Matango, l’umanità a misura di fungo
Maboroshi L'esperimento nucleare nell'atollo di Bikini nel 1954, inglobato nel lungometraggio diretto da Ishiro Honda,
Maboroshi L'esperimento nucleare nell'atollo di Bikini nel 1954, inglobato nel lungometraggio diretto da Ishiro Honda,
Fra il 1946 e il 1958, la zona settentrionale delle Isole Marshall, nell’Oceano Pacifico, venne usata dal governo statunitense come campo dove sperimentare i nuovi ordigni nucleari nella corsa agli armamenti che caratterizzò per decenni la Guerra Fredda. Il culmine di questi esperimenti si ebbe il primo marzo del 1954, quando nell’atollo di Bikini fu fatta esplodere una bomba all’idrogeno, parte della cosiddetta operazione Castle Bravo. Il fallout radioattivo che si estese per migliaia di chilometri, raggiunse anche un peschereccio giapponese, il Daigo Fukuryu Maru che si trovava quel giorno in mare aperto e causò, sei mesi più tardi, la morte di uno dei membri dell’equipaggio.
NATURALMENTE l’evento fu ampiamente discusso, analizzato e criticato in patria, considerando anche il fatto che avvenne due anni dopo la fine dell’occupazione americana dell’arcipelago e quando le relazioni fra i due paesi si andavano ri-definendo. Nel 1959, all’incidente il regista e sceneggiatore Kaneto Shindo dedicò un lungometraggio, Daigo Fukuryu Maru, ma forse il film più famoso che incluse la tragedia di Bikini ed il conseguente monito contro l’atomica nella sua trama è Gojira (Godzilla) di Ishiro Honda, uscito nell’autunno dello stesso anno. Honda sarebbe ritornato sul tema degli effetti delle radiazioni sull’ecosistema naturale e sull’equipaggio di una nave anche nel 1963. Proprio l’undici agosto di 60 anni fa usciva infatti Matango, in italiano conosciuto anche come Matango il mostro, lungometraggio diretto da Honda, con effetti speciali curati da Eiji Tsuburaya e tratto dal racconto The Voice in the Night, pubblicato nel 1907 da William Hope Hodgson.
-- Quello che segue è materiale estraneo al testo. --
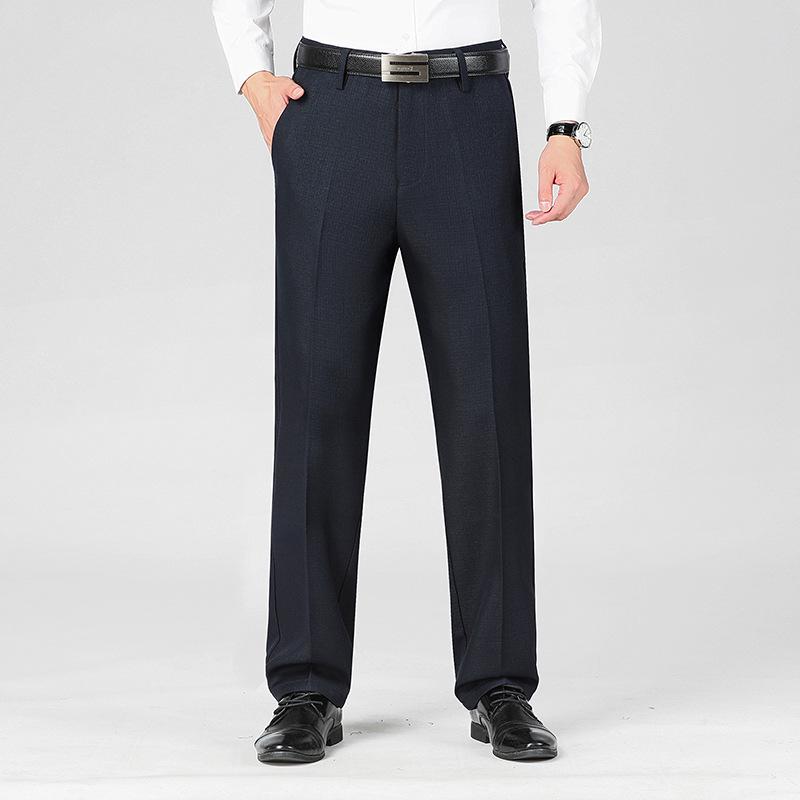 Men's Winter Fleece-Lined High-Waisted Straight-Leg Dress Pants - Loose Fit, Plus Size, Warm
Il lungometraggio fu presentato in doppia programmazione assieme a Hawai no wakadaisho, tipico film leggero da vacanza e quarto capitolo di una serie già molto popolare prodotta dalla Toho dal 1961. I primi cinque minuti di Matango sembrano proprio richiamare il periodo estivo e vacanziero, un gruppo di amici, provenienti da diversi ceti sociali, è in viaggio su un piccolo panfilo, quando una tempesta li fa naufragare e arrivare su un’isola. Qui si rendono conto che nessun animale, neanche insetti, vive sull’isola che è popolata solo da piante, ma soprattutto che è un tipo di fungo a dominare l’habitat del luogo. Questo è stato denominato Matango dal gruppo di ricercatori che abitavano l’isola, ma che ora sono misteriosamente scomparsi. Il gruppo ben presto comincia a sfaldarsi, la struttura che li teneva assieme nel mondo “civile” si sgretola ed ognuno cerca di sopravvivere a scapito degli altri, mandando all’aria il senso del gruppo e della collettività spinto e decantato nel Giappone del dopoguerra.
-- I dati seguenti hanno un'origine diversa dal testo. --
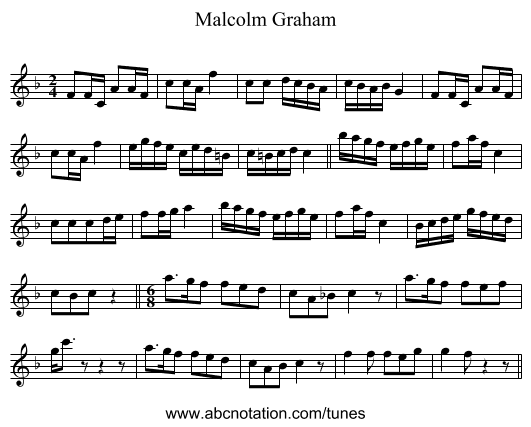 Malcolm Graham - staff notation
SPESSO considerato, a torto, un film di serie B, forse perché visionato nella sua versione statunitense adattata o giudicato solo dai vari poster, Matango è in realtà un attento studio sul comportamento umano quando le maglie sociali crollano, un film sulla paranoia Carpenteriana che si instaura su un gruppo di persone isolate dal resto della civiltà, ma anche un viaggio psilocibinico nella necessità della mutazione e dell’ibridazione extra-umana per la sopravvivenza. Il tutto viene tenuto insieme dall’ottima fotografia di Hajime Koizumi, i colori specialmente sono molto pop tendenti all’acido, da ottime interpretazioni e da una fantasia micologica che forse sfocia nel ridicolo in alcuni frangenti del finale, ma che è giustificata dall’arco narrativo che propone il totale annientamento dell’essere umano a favore dell’essere fungo, quasi una discesa nella tana del coniglio di Alice nel paese delle meraviglie.